Measuring video codecs performance

🎻 March 2021 fiddle

Want to learn more about WebRTC?

Look us up here for the WebRTC Fiddle of the Month, created… once a month.

Or just enroll to one of our excellent WebRTC training courses.

Resources

Transcription

Tsahi: Hi and welcome to another WebRTC fiddle of the month. This time, we’re going to measure video codec performance. Philipp and I decided today to come with our corporate shirt.

So let’s start, Philip.

Philipp: Yes, let me share my screen, as usual.

So the fiddles, this one is a bit larger because measuring is not as easy as the small things we usually do, but it’s still less than one hundred lines of JavaScript code.

The HTML boilerplate is a bit bigger. We’re including a graph library from the WebRTC samples, which comes from Chrome originally.

We are going to paint the graph here. We are going to look at the resolution we get and what codec implementation we get. And then similar to the last fiddle we had about determining which codecs we have, we have a dropdown for selecting the actual codec to use without SDP munging. And then we have a stop button and a call button. We also have some CSS this time: the canvas is going to be 800 pixels wide, which makes it nice and big.

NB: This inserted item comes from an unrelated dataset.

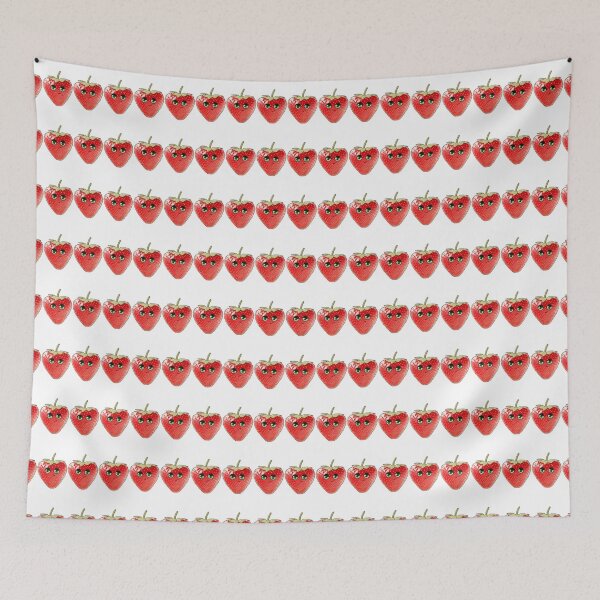 Item preview, Strawberry designed and sold by samm0.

That is easy. We are combining two samples we have and basically putting the code from them together, so we’re creating two peer connections with wiring up their onicecandidate and each other’s candidates.

Tsahi: We’re going to send video from one connection to the other.

Philipp: Yes. We’re not going to show the video on the screen this time. We’re going to draw a graph. And that is what we do here.

We’re going to use 720p at 30 frames per second, but you can also use other resolutions. And that’s interesting to play with.

So in the start button, we are going to get our capabilities, we’re going to filter out the “not-really-codecs” like redundancy for video ulpfec and rtx, because it doesn’t make sense to select them because they’re just like redundant mechanisms, not codecs.

And we’re going to add them to the dropdown we get. So let me show that if we start, the camera starts and we get a dropdown: VP8 to VP9, four H.264 variants and AV1.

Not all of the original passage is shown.